Although the title is the same as one in Suppose $X$ is infinite and $A$ is a finite subset of $X$. Then $X$ and $X \setminus A$ are equinumerous, but the proof is different. Hence it's not a duplicate.
Suppose $X$ is infinite and $A$ is a finite subset of $X$. Then $X$ and $X\setminus A$ are equinumerous
My attempt:
Lemma 1: If $A$ is finite and $B$ is countably infinite, then $A\cup B$ is countably infinite.
Lemma 2: If $X$ is infinite and $A$ is finite, then $X\setminus A$ is infinite.
Lemma 3: If $Y$ is infinite, then there exists $B\subsetneq Y$ such that $B$ is countably infinite. (Here we assume Axiom of Countable Choice)
Since $X$ is infinite and $A$ is finite, then $X\setminus A$ is infinite by Lemma 2.
Since $X\setminus A$ is infinite, there exists $B\subsetneq X\setminus A$ such that $B \sim \Bbb N$ by Lemma 3.
Since $A$ is finite and $B$ is countably infinite, then $A\cup B \sim \Bbb N$ by Lemma 1.

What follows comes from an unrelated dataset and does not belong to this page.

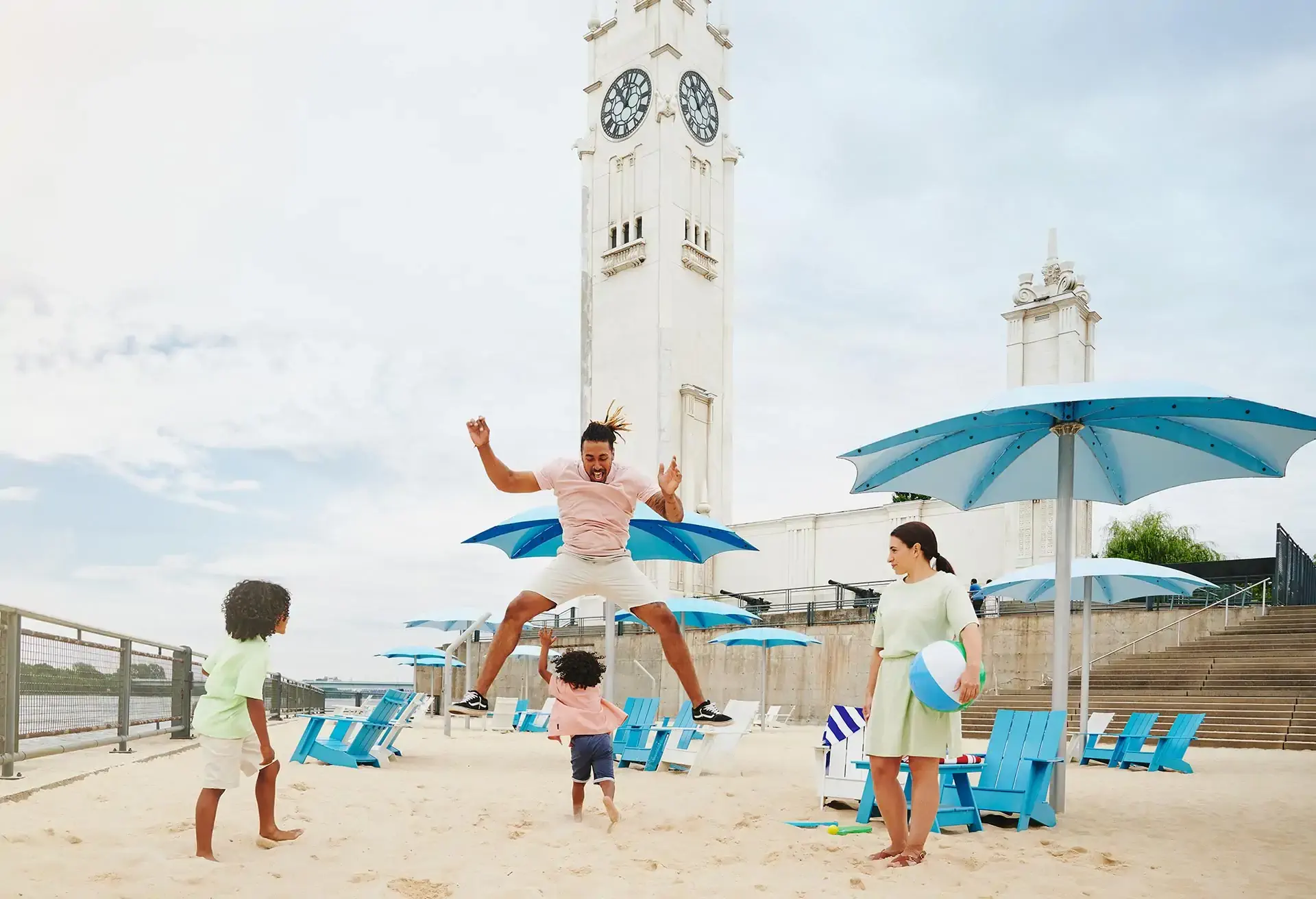 Family playing on a sandy beach with a clock tower and blue umbrellas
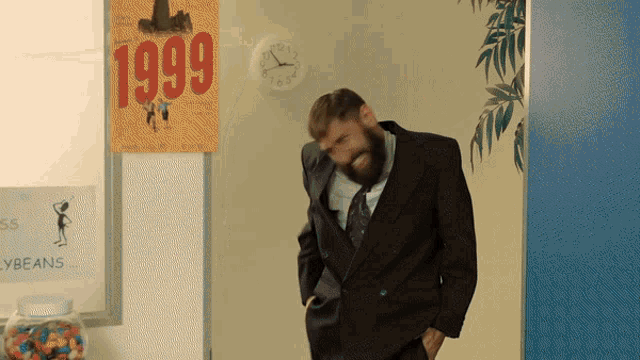 a man in a suit and tie stands in front of a sign that says 1999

Since $B \sim \Bbb N$ and $A\cup B \sim \Bbb N$, $B \sim A\cup B$ and thus there exists an bijection $f_1:B \to A\cup B$.
Let $f_2:(X\setminus A)\setminus B \to (X\setminus A)\setminus B$ be the identity map on $(X\setminus A)\setminus B$. Then $f_2$ is a bijection.
We define $f:X\setminus A \to X$ by $f(x)=f_2(x)$ for all $x \in (X\setminus A)\setminus B$ and $f(x)=f_1(x)$ for all $x \in B$. Thus $f$ is a bijection.
Hence $X\setminus A \sim X$.
Does this proof look fine or contain gaps? Do you have suggestions? Many thanks for your dedicated help!